K-MEANS + Hierarchical clustering
Here we test a package well-known to perform clustering
FactoMineR
. The idea behind its main method is to performed
a hierarchical clustering where the initial centroids are positioned
based on a pre-performed k-means using the first component of a PCA. For
more information feel free to have a look at their website.
# remove nan value
df_clust <- dataPlot[!is.na(lightatsurf), .(hour, day_departure, lightatsurf)]
# HCPC with onlys 2 groups
res_hcpc <- FactoMineR::HCPC(df_clust, nb.clust = 2, graph = FALSE)
# display the result
ggplot() +
geom_tile(
data = dataPlot[!is.na(lightatsurf), ] %>%
.[, cluster := res_hcpc$data.clust$clust],
aes(x = day_departure, y = hour, fill = factor(cluster))
) +
theme_jjo() +
facet_grid(.id ~ .) +
labs(
x = "# of days since departure",
y = "Hour",
fill = "cluster",
col = "Sunrise"
) +
theme(legend.position = c("bottom"))
Well, clearly this algorithm is not suited to deal with this kind of patterns!
DBSCAN
DBSCAN seems to be an elegant algorithm to deal with outliers and non-convex cluster. The only issue is that we have to choose the right value for its two parameters:
- Reachability distance
- Reachability minimum number of points
Which might be tricky!
# determine the right values by testing several of them...
res_dbscan <- dbscan(df_clust,
eps = 21,
MinPts = nrow(dataPlot) * 0.01,
method = "raw"
)
# display the result
ggplot() +
geom_tile(
data = dataPlot[!is.na(lightatsurf), ][, cluster := res_dbscan$cluster],
aes(x = day_departure, y = hour, fill = factor(cluster))
) +
theme_jjo() +
facet_grid(.id ~ .) +
labs(
x = "# of days since departure",
y = "Hour",
fill = "cluster",
col = "Sunrise"
) +
theme(legend.position = c("bottom"))
Well that’s quite nice :) There are still few outliers (especially
for individual ind_2018074
) identify as cluster 1 whereas
we would like to see them in cluster 2.
Conclusion
For now we will used the result from the DBSCAN
algorithm, since results seem to be better!
# referential creation
ref_phase_day <- dataPlot[!is.na(lightatsurf), ] %>%
.[, cluster := res_dbscan$cluster] %>%
.[, cluster := fifelse(cluster == 1, "night", "day")] %>%
.[]
# reshape
ref_phase_day <- melt(ref_phase_day,
id.vars = c(".id", "date", "hour"),
measure.vars = "cluster",
value.name = "phase"
)
# set date format
ref_phase_day[, `:=`(
date = date + hours(hour),
hour = NULL,
variable = NULL
)]
# rolling join
data_2018 <- ref_phase_day[data_2018, roll = T, on = .(.id, date)]
WIP
We could also try to define two other phases of the day:
- sunset: plus or minus 30 min from the transition night to day
- sunrise: plus or minus 30 min from the transition day to night
# identification of transition
ref_phase_day[, transition := c(1, abs(diff(as.numeric(as.factor(phase)))))]

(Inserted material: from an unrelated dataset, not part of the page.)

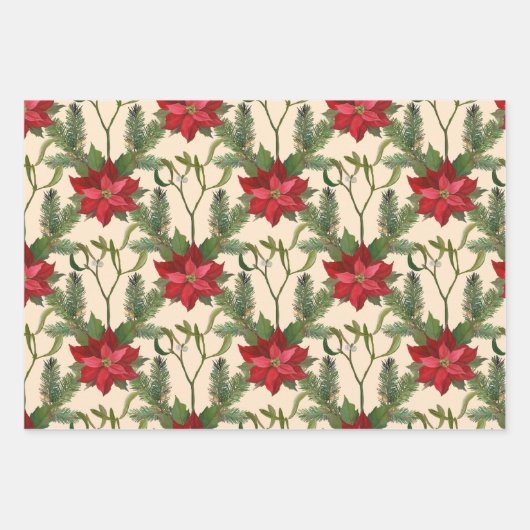 クリスマスレッドポインセチア花と松の枝 ラッピングペーパーシート (正面2)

# keep only the first date and the last date (i.e transition) by date and individual
ref_phase_day <- ref_phase_day[transition == 1, .SD[c(1, .N)], by = .(.id, date)]

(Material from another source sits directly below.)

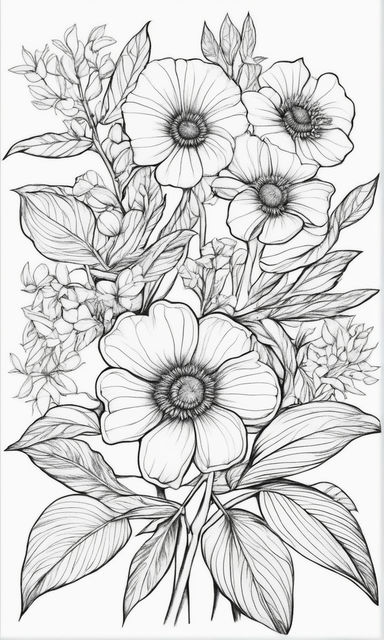 Line art hurbs parts flowers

# convert date to take into account hour
ref_phase_day[, date := date + hours(hour)]
# add sunset
test <- rbind(
ref_phase_day[, .SD, .SDcols = -c("transition")] %>%
.[, date := date + minutes(30)],
ref_phase_day[, .SD, .SDcols = -c("transition")] %>%
.[phase == "night", ] %>%
.[, `:=`(
date = date - minutes(30),
phase = "sunset"
)],
ref_phase_day[, .SD, .SDcols = -c("transition")] %>%
.[phase == "day", ] %>%
.[, `:=`(
date = date - minutes(30),
phase = "sunrise"
)]
)
Problem, when there are no day times found during several days, there all marked as night!